▸ YOUR OBJECTIVE:
The entries below contain pictures. Write out only the lines from the line with "Lyft drivers argue" up to and including the line with "2020 Genie GS-1930", exactly, without them.

[Stored items from a collection]
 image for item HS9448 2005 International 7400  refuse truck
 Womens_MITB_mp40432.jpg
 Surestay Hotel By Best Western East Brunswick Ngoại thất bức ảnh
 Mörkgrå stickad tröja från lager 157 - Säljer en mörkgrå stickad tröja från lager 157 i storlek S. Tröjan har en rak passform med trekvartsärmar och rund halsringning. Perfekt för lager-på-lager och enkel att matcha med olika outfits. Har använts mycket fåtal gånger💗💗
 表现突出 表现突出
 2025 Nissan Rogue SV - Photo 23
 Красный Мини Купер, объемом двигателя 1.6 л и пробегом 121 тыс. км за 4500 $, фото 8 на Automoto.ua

...

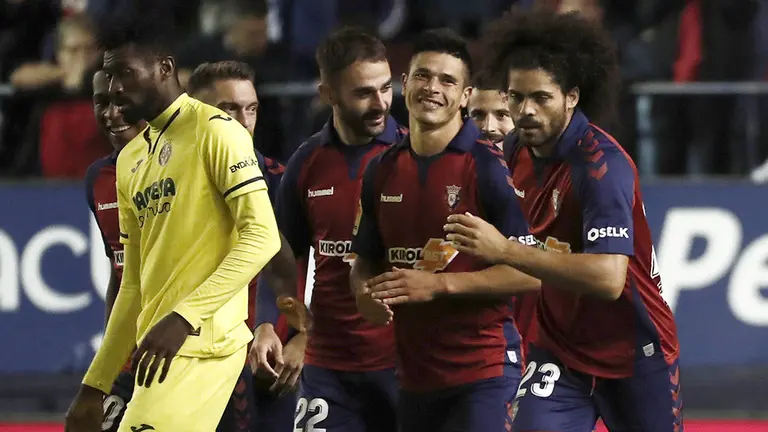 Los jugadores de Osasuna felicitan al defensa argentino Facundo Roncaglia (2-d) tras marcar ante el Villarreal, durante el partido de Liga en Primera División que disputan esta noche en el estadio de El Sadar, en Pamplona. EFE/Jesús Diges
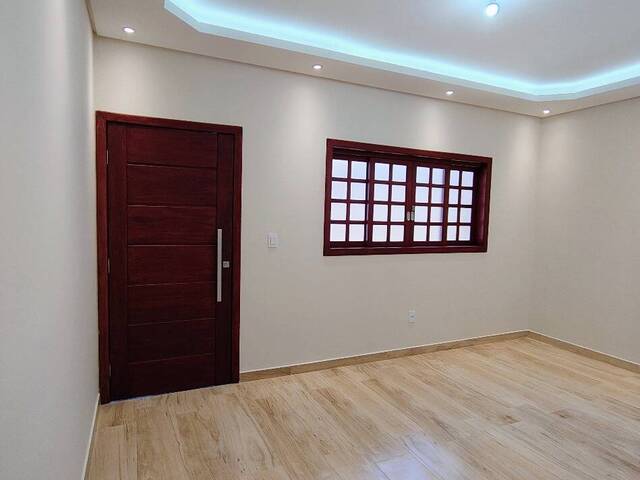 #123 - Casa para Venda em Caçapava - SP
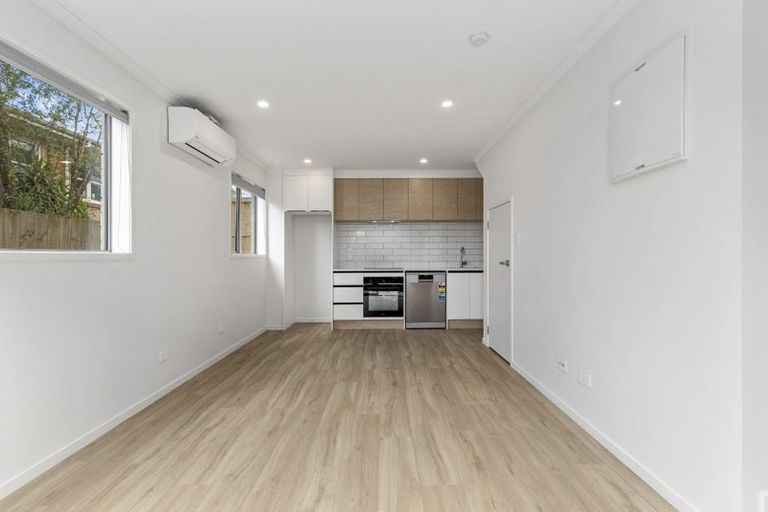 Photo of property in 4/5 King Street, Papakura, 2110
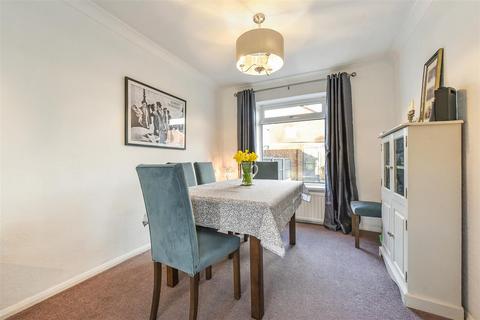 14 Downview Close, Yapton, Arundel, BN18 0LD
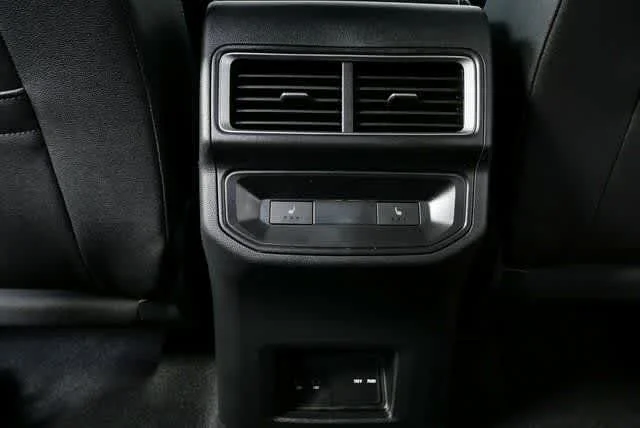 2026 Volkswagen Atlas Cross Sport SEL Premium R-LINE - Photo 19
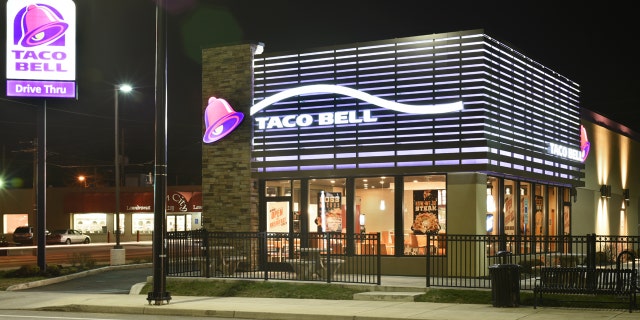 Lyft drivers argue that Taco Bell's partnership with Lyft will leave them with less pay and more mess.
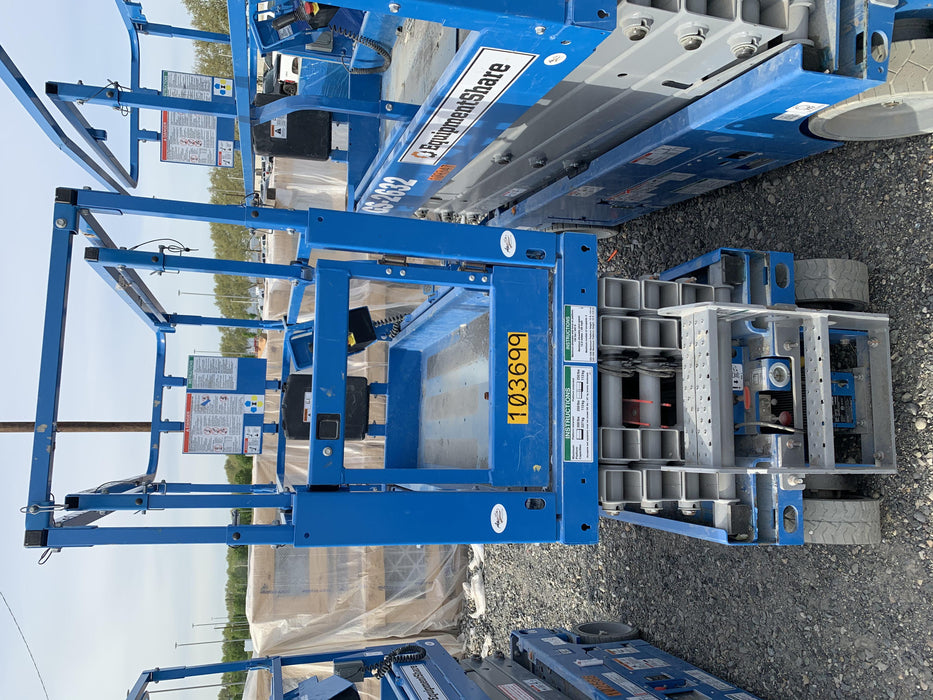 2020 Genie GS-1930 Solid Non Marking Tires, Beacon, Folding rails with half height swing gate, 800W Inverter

▸ TASK SOLUTION:
 Lyft drivers argue that Taco Bell's partnership with Lyft will leave them with less pay and more mess.
 2020 Genie GS-1930 Solid Non Marking Tires, Beacon, Folding rails with half height swing gate, 800W Inverter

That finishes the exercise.